The current orthodox narrative regarding the two bunkers of Birkenau is summarized and scrutinized in the entry on the Auschwitz Main Camp, section “Current Orthodox Narrative,” Points 4, 5 and 11. The bunkers retain importance for the orthodox narrative because they were the alleged site of up to 230,000 gassing fatalities (60,000 total at Bunker 1, and 170,000 total at Bunker 2). And indeed, for the initial year of 1942, the two bunkers combined allegedly gassed some 140,000 Jews – far more than in Crematorium I (20,000). In fact, both bunkers allegedly gassed overall more people than Crematorium I (20,000), Crematorium IV (30,000) and Crematorium V (50,000) together.
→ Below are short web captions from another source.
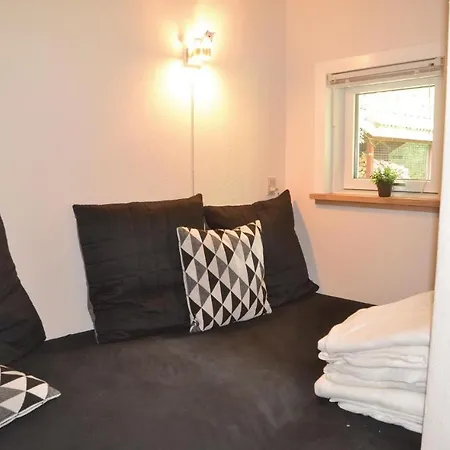 Awesome Home In Ansager With Sauna Сasa de vacaciones *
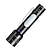 economico Luci LED da campeggio-Ricarica USB multifunzionale a luce forte da 1 pz, mini torcia portatile con zoom a lungo raggio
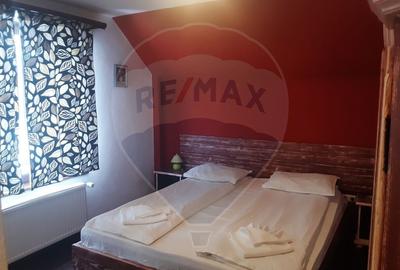 Hotel / Pensiune cu 18 camere de vânzare in Moieciu, Brasov - 24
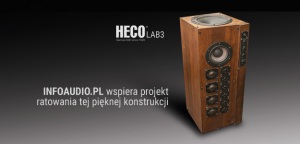 RENOWACJA HECO LAB3 - cz. I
This underscores the importance of these bunkers for the orthodox narrative.

In reality, however, we have no reliable evidence that “Bunker 1” ever existed, while a building did exist where “Bunker 2” is said to have been, but its foundation walls disprove all witness testimonies.

For other witnesses on the alleged bunkers and an assessment of their testimonies, see the section “Auschwitz” in the entry on witnesses, since most witnesses testifying about Auschwitz also had something to say about these alleged bunkers.

(For more details on the “Bunkers of Auschwitz,” see Mattogno 2016f; 2021, pp. 119-217.)